The challenge to the high and the mighty may have begun with the greeting that Jesus heard as He rode into Jerusalem. “King” was a word with political implications. It’s interesting to think about the fact that there were some Pharisees who heard this greeting. Is it possible that they went to the chief priests and the others, characterizing Jesus’ entry into the city as a political movement that had come to challenge the status-quo? We don’t know the answer to that, and Scripture doesn’t tell us, but we do know that, at His trial, Jesus was asked if He was a king. It was the charge (made by the chief priests and others) that He was claiming to be a king that convinced Pontius Pilate to condemn Him to death. (After all, Pilate wouldn’t have understood the religious controversies involved in Jesus’ challenge to the religious authorities, but he could easily understand challenges to Roman rule.)

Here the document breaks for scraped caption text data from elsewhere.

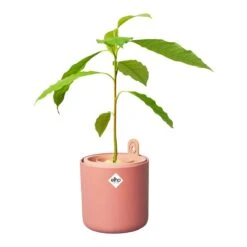 Elho Amazing Avocado Pot Ø 12 Cm - Roze 12 Elho Amazing Avocado Pot Ø 12 Cm - Roze -Tuinproducten 10931260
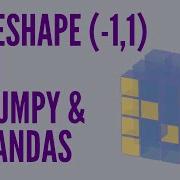 What Does Numpy Reshape 1 1 Mean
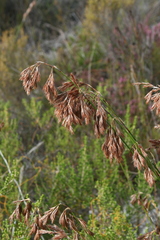 Thamnochortus lucens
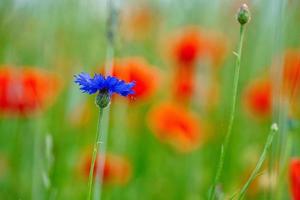 Kornblumenblüte einzeln auf einem Mohnfeld. Blau leuchten die Blütenblätter. Detailaufnahme foto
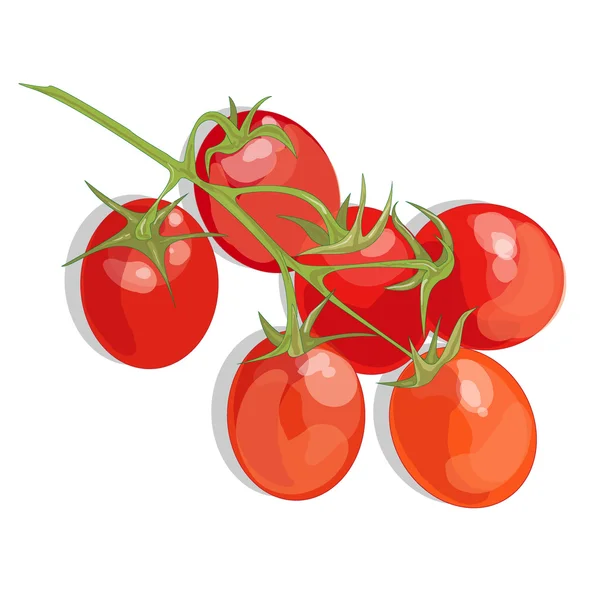 Tomat diisolasi pada latar belakang putih - Stok Vektor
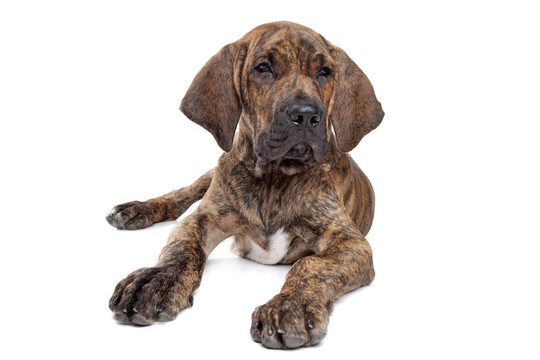 巴西獒或Fila Brasileiro
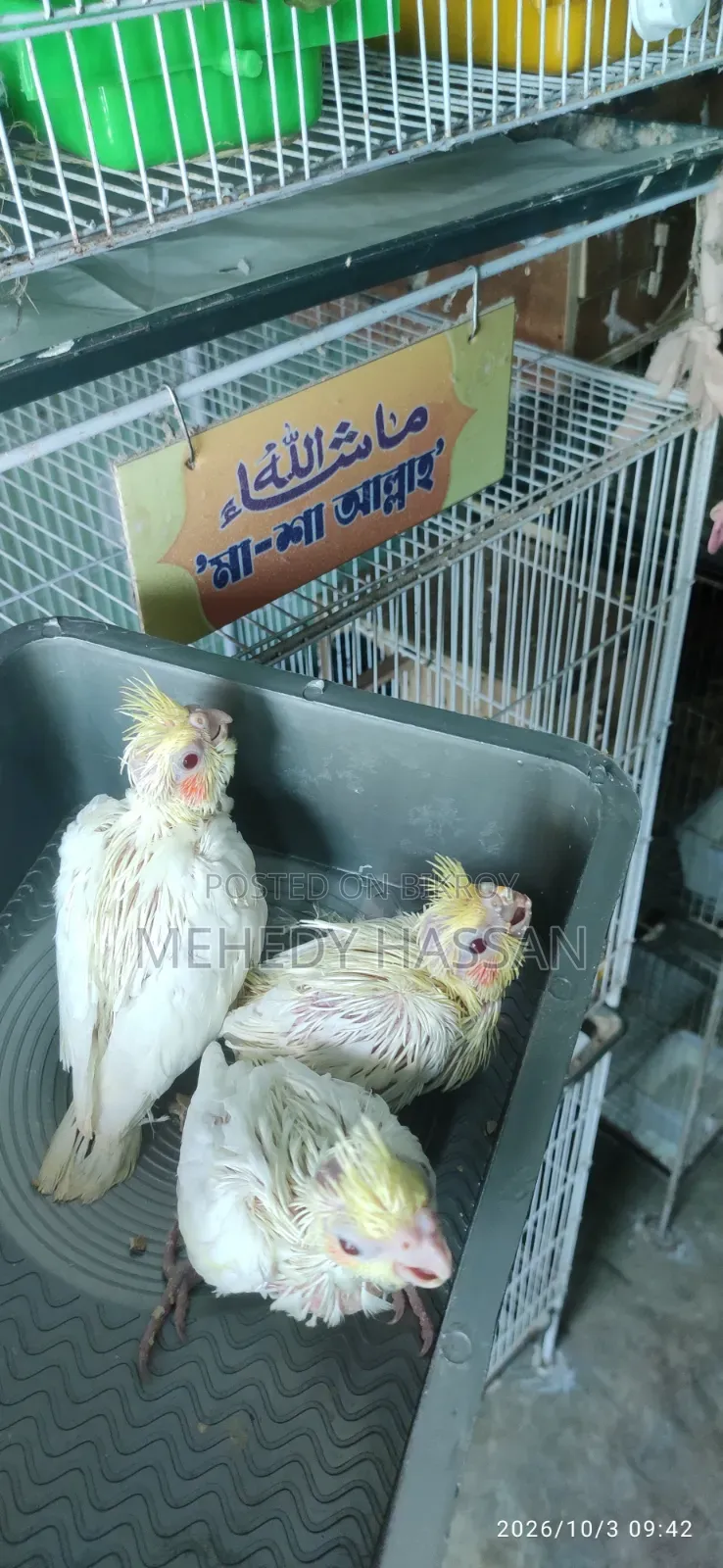 ককাটেল বার্ড কোকাটেল পাখি
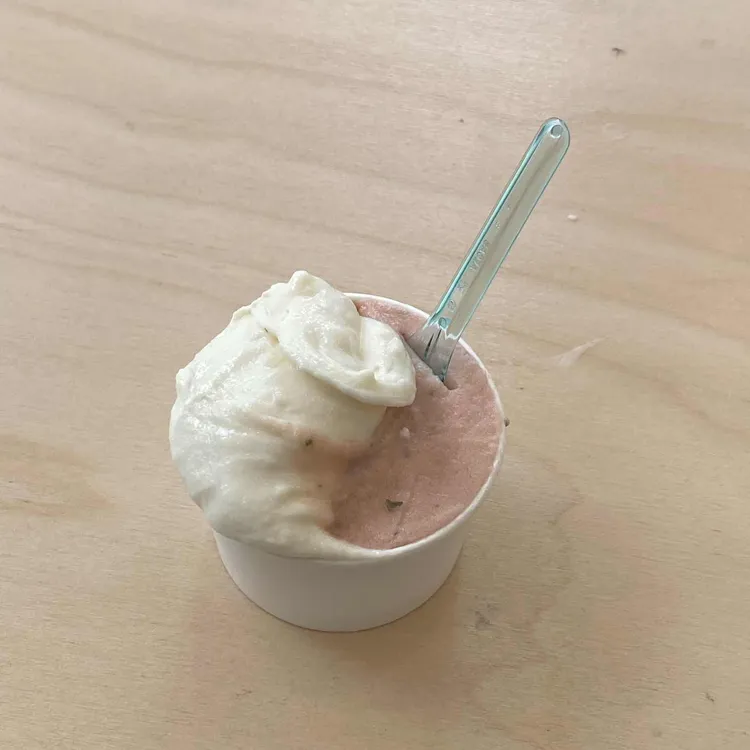 이오이트 대표 사진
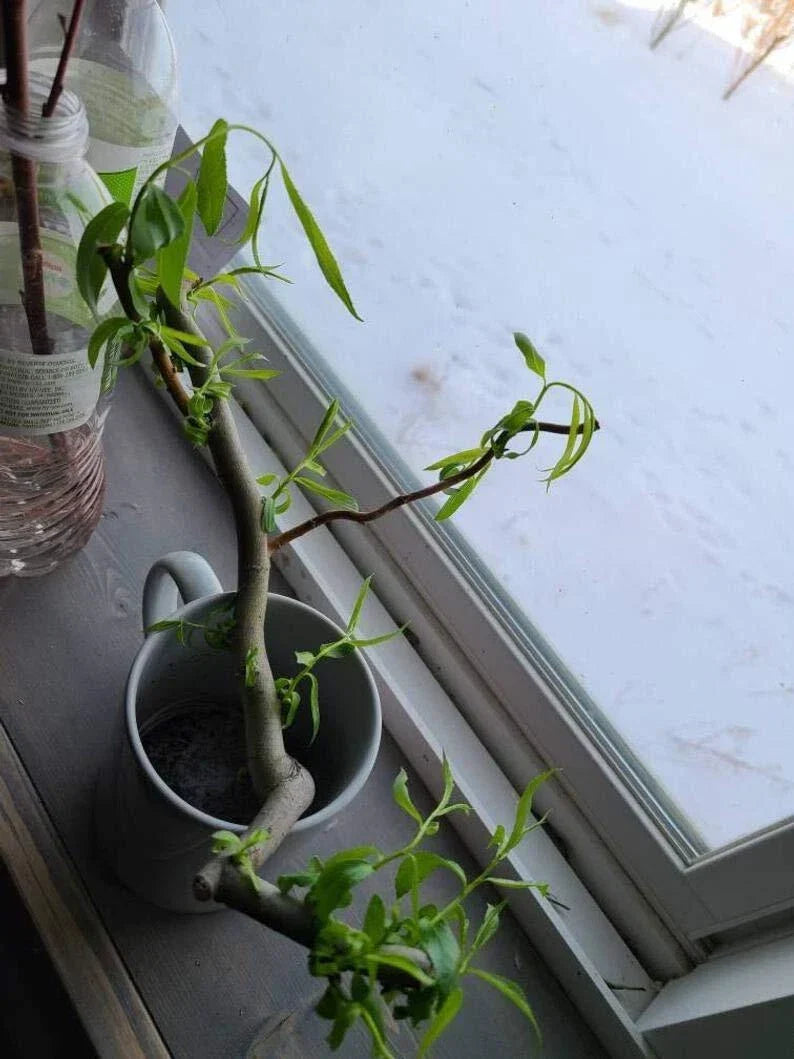 Willow Cuttings - 6 Indoor Salix spp. Pet-Friendly Foliage for Small Pets
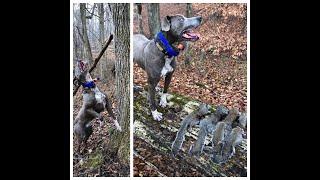 Squirrel Dog, Original Mountain Cur Squirrel Dog, Jukebox/Thunder Original Mountain Cur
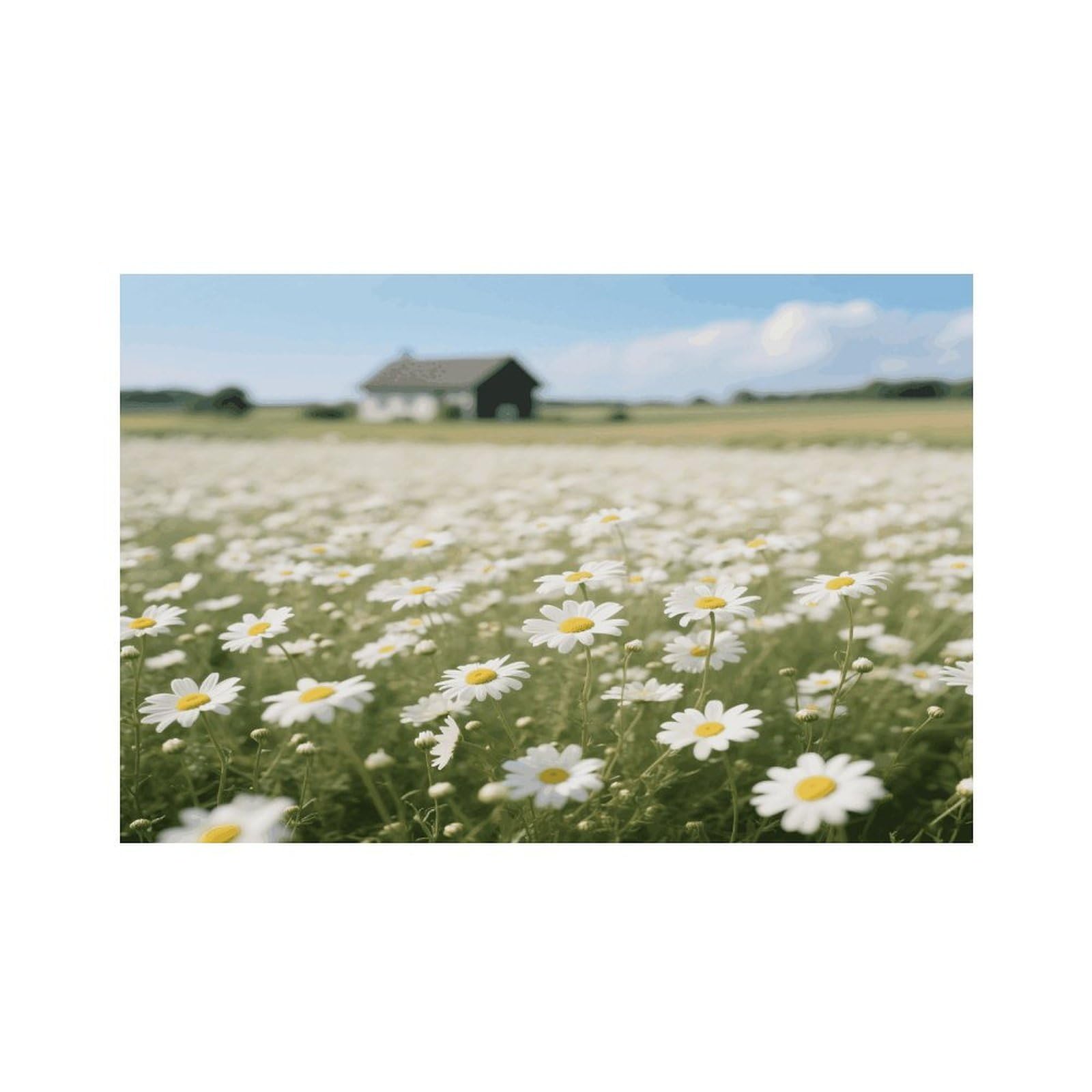Farm White Daisy Flowers Placemats Heat Resistant Non-Slip Place Mats Washable Wipeable Table Mat Kitchen Dining Table Decoration Placemats Indoor Outdoor Place Mats 17.7’’×11.8’’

If we turn around and look back at Jesus’ earthly ministry, we can see that His ministry was one of challenge: Challenge to what people thought they knew about God; challenge to their conceptions of who was/was not clean or unclean; challenge to the God’s requirement for a change to the inner heart and mind; challenge to understand that God valued amendment of life over sacrifice and adherence to the Law of Moses; challenge to set aside pride in people’s claims to be children of Abraham.

Our Lord continues to challenge us today.

He challenges us to see that God values repentance and amendment of life over outward religious observance. He challenges us to see that no one is outside of God’s ability to love and to redeem. He challenges us to be ambassadors of God’s ability to create and to re-create. He challenges us to model the righteousness that we see in His example in our daily lives.

We might ask ourselves, as we enter in this most holy of weeks, a number of questions: “What kind of challenge does my life, my values and my conduct pose to those with whom I come in contact, and to the wider society in which I live?” “Is my life one which says ‘There is a better way’, a way that Jesus Christ alone can bring about?” “Do I resist the values of the society in which I find myself, demonstrating in quiet but consistent ways that God’s love fills my heart, giving meaning to life which can be found nowhere else, and which compels me to treat everyone with whom I come into contact with genuine care, concern and love?” And finally, “Do I have a personal, intense and ongoing relationship to God through Jesus Christ?”

Good questions, each of them, for us to ponder this week.

AMEN.

 



[1]   The Herodians were a group of supporters of the puppet king, King Herod the Great and his descendants, who were installed by the Romans.